Def: The matrix product is a binary operator \mathbb{C}^{m \times n} \times \mathbb{C}^{n \times p} \to \mathbb{C}^{M \times p}. Set A = \left[\begin{matrix}\alpha_1 & \alpha_2 & \cdots & \alpha_m\end{matrix}\right]^T and B = \left[\begin{matrix}\beta_1 & \beta_2 & \cdots & \beta_p\end{matrix}\right]. Then, AB = \left[\begin{matrix} \alpha_1^T \beta_1 & \cdots & \alpha_1^T \beta_n \\ \alpha_2^T \beta_1 & \cdots & \alpha_2^T \beta_n \\ \vdots & \ddots & \vdots \\ \alpha_m^T \beta_1 & \cdots & \alpha_m^T \beta_n \end{matrix}\right] = \left[\begin{matrix}A\beta_1 & A\beta_2 & \cdots & A\beta_n\end{matrix}\right] = \left[\begin{matrix}\alpha_1^TB \\ \alpha_2^TB \\ \vdots \\ \alpha_m^TB\end{matrix}\right]. Alternatively, it is uniquely characterized as the matrix representing the composition of A and B as operators.

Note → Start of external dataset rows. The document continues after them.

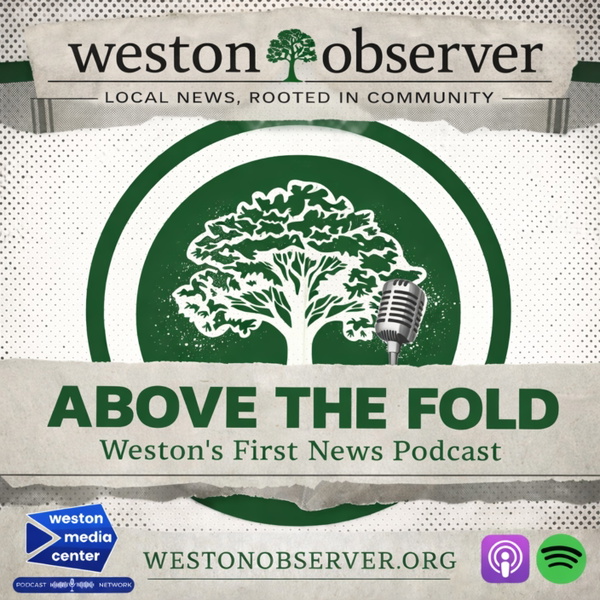 Artwork for Weston Observer: Above the Fold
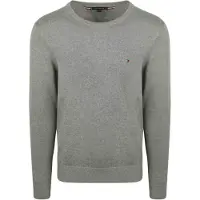 Tommy Hilfiger Flag Crew Neck Jumper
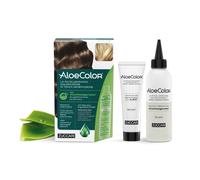 Zuccari AloeColor Coloration pour cheveux de troisième génération à l'aloe oxigénate (9.0 blond super clair, 1)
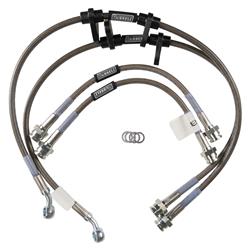 Russell Street Legal Brake Line Kits for 1992-1995 CIVIC - 684480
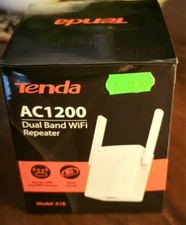 Ripetitore WiFi AC1200 Tenda dual band amplificatore segnale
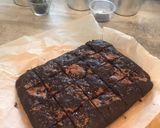 Cukor- és lisztmentes brownie recept fázis 6 fotója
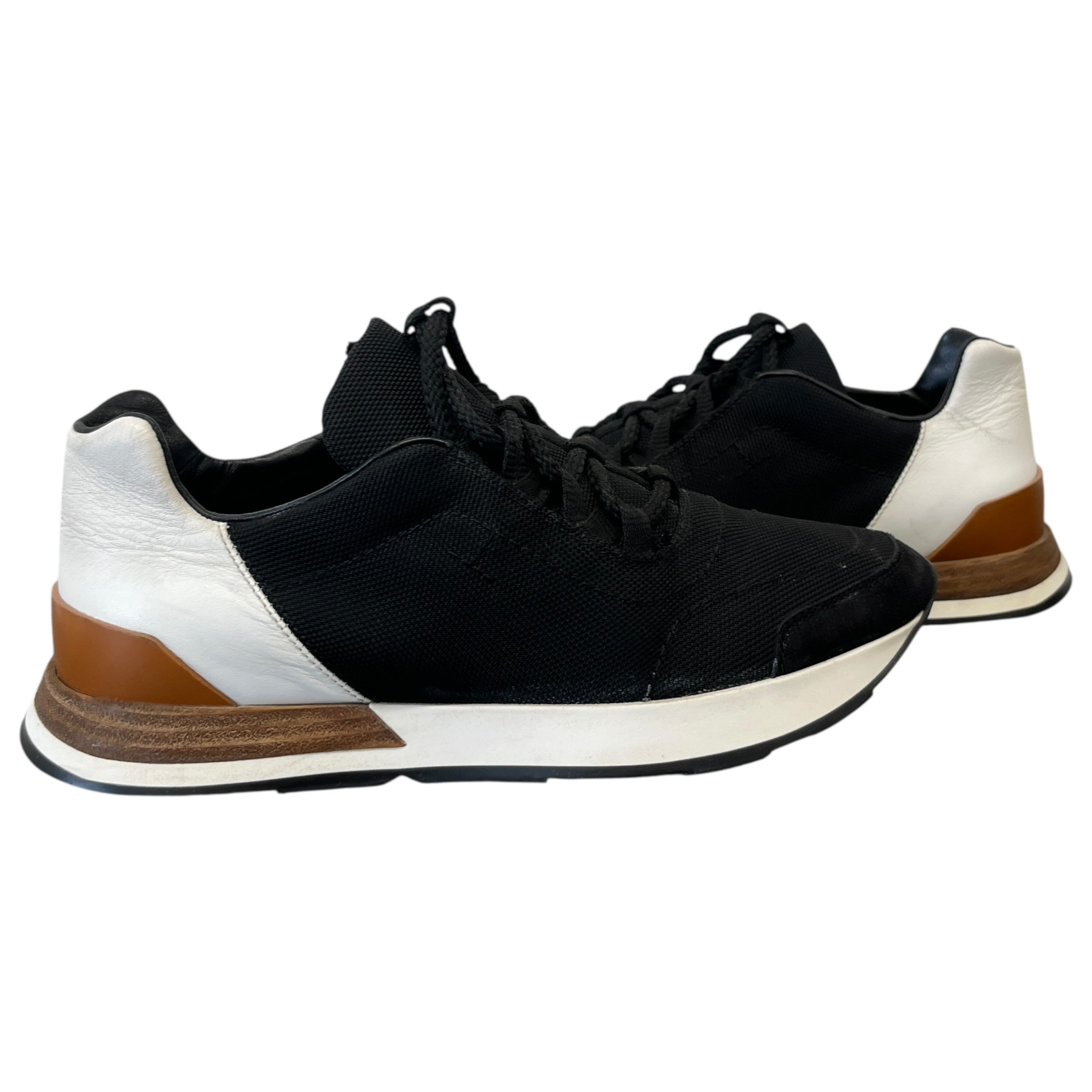 Women's Miles Low Trainers Black Size EU 37.5 / UK 4.5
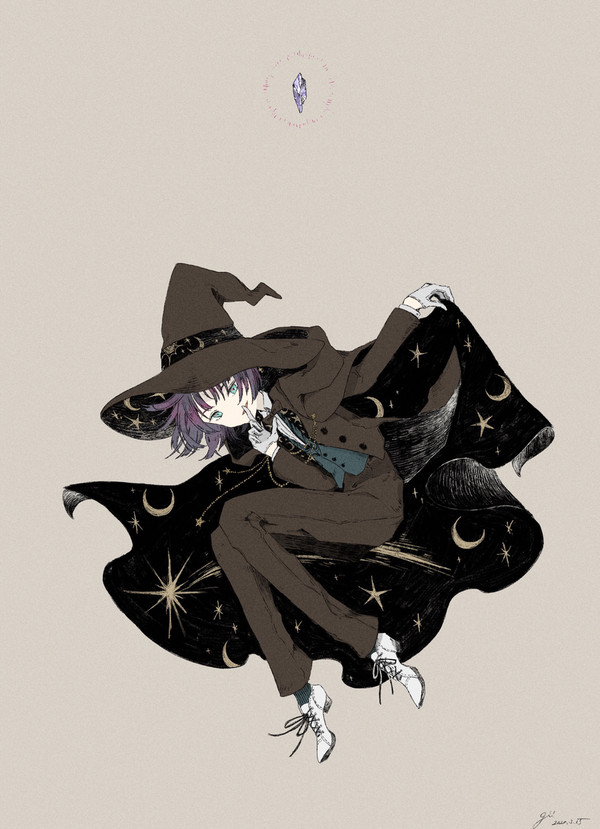 まほやく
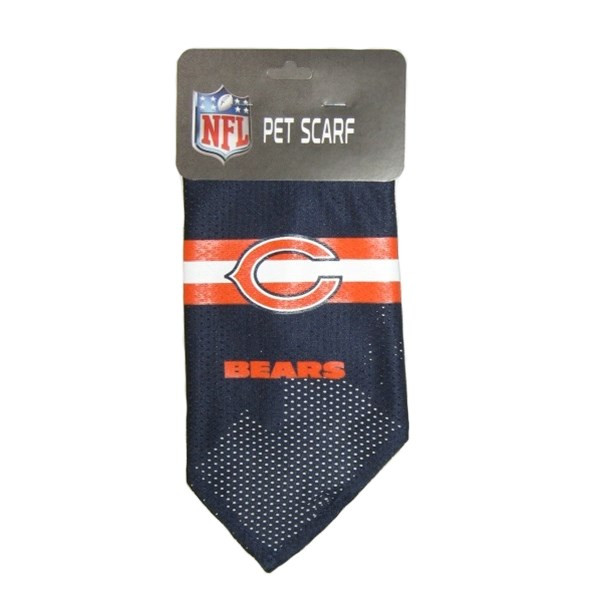 chicago bears bandana for dogs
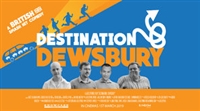 Destination: Dewsbury Longsleeve T-shirt #1610685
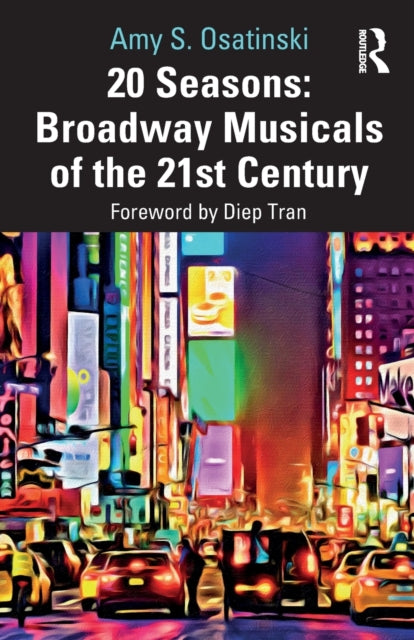Binding: Paperback
Description: 20 Seasons: Broadway Musicals of the 21st Century catalogues categorizes and analyzes the 269 musicals that opened on Broadway from the 2000 - 2001 season through the 2019 - 2020 season.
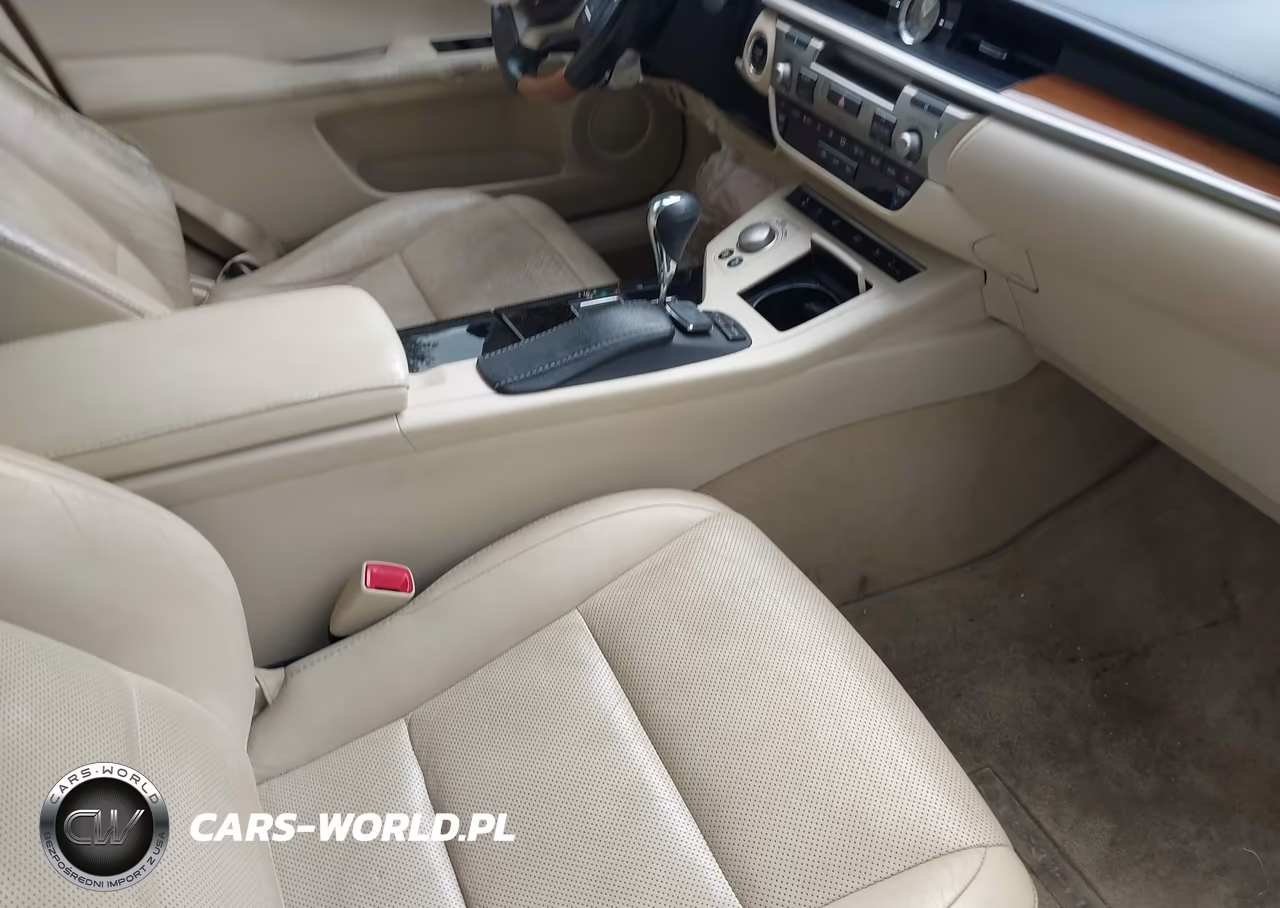 2015 Lexus Es 300H VIN:JTHBW1GG8F2092762 - 5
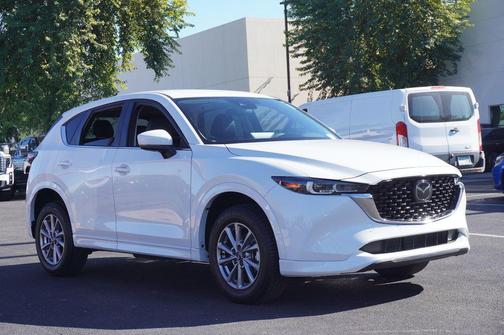 2024 Mazda CX-5 2.5 S Select Package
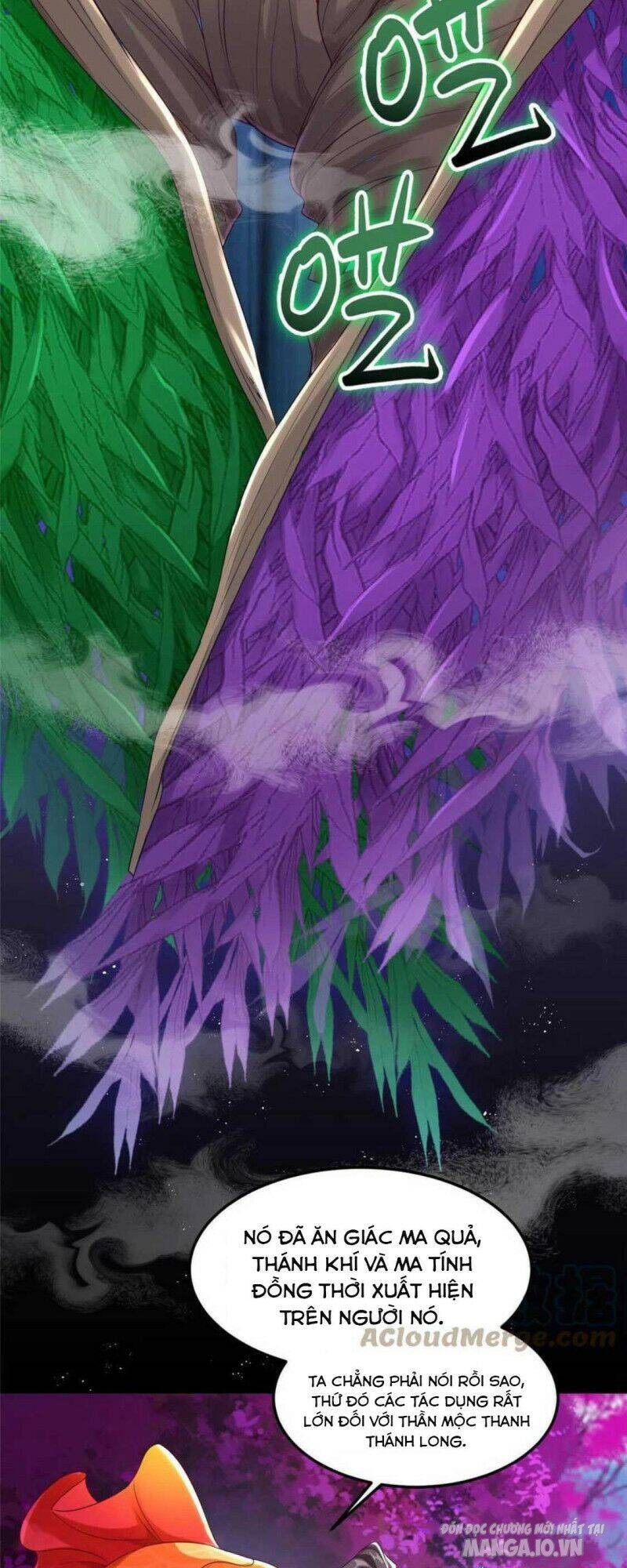 Mục Long Sư Chapter 152 - Trang 2
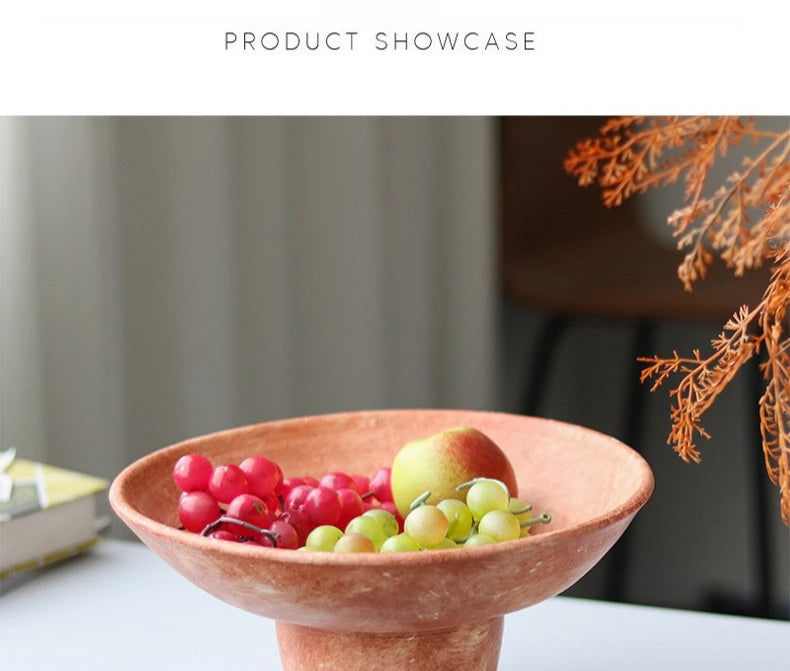 Creative Storage Trays Modern Decorative Table Center Tray Living Room Fruit Bowl Luxury Kitchen Organizer Home Furnitures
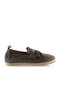 Vizon Süet Erkek Espadril Ayakkabı 01ms12702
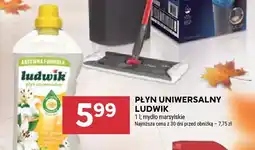 Stokrotka Płyn uniwersalny Ludwik mydło marsylskie oferta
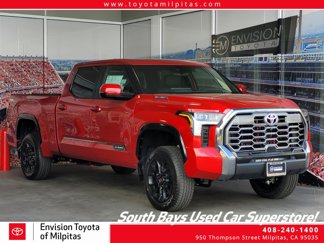 New 2025 Toyota Tundra Limited image 1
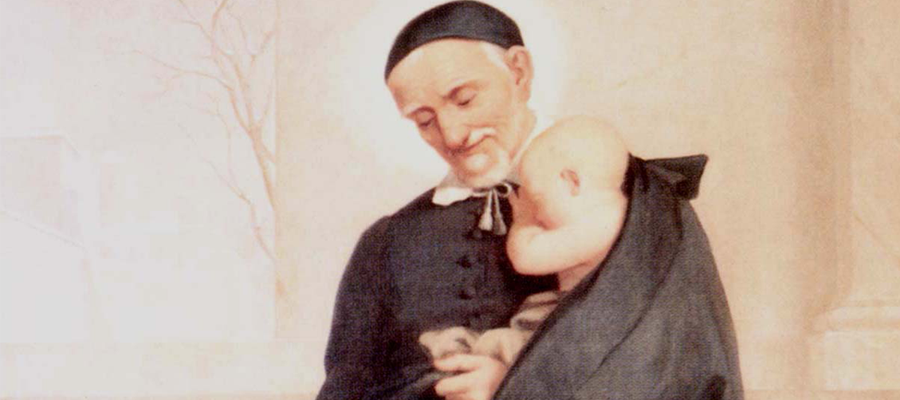 Saint Vincent de Paul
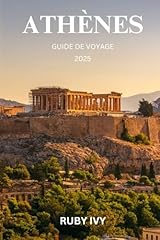 Athènes guide voyage d'occasion  Livré partout en France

Prop: Let D = \mathop{\mathrm{diag}}(d_1, \dots, d_n), the diagonal matrix with entries d_1, \dots, d_n; then AD = \left[\begin{matrix}d_1\alpha_1, \dots, d_n \alpha_n\end{matrix}\right]. Simiar for the other direction of multiplication.
Def: For a complex matrix A, an eigenvalue \lambda \in \mathbb{C} and eigenvector v \neq 0 satisfy Av = \lambda v.
Def: Furthermore, an eigenspace is the span of all eigenvectors correspnding to a single eigenvalue, the spectrum of A, \mathop{\mathrm{Spec}}(A) is the set of all eigenvalues of A, and the spectral radius is \rho(A) = \max_{\lambda \in \mathop{\mathrm{Spec}}(A)} |\lambda| = |\lambda_{\text{max}}|. Sometimes we will call this the top eigenvector/eigenvalue.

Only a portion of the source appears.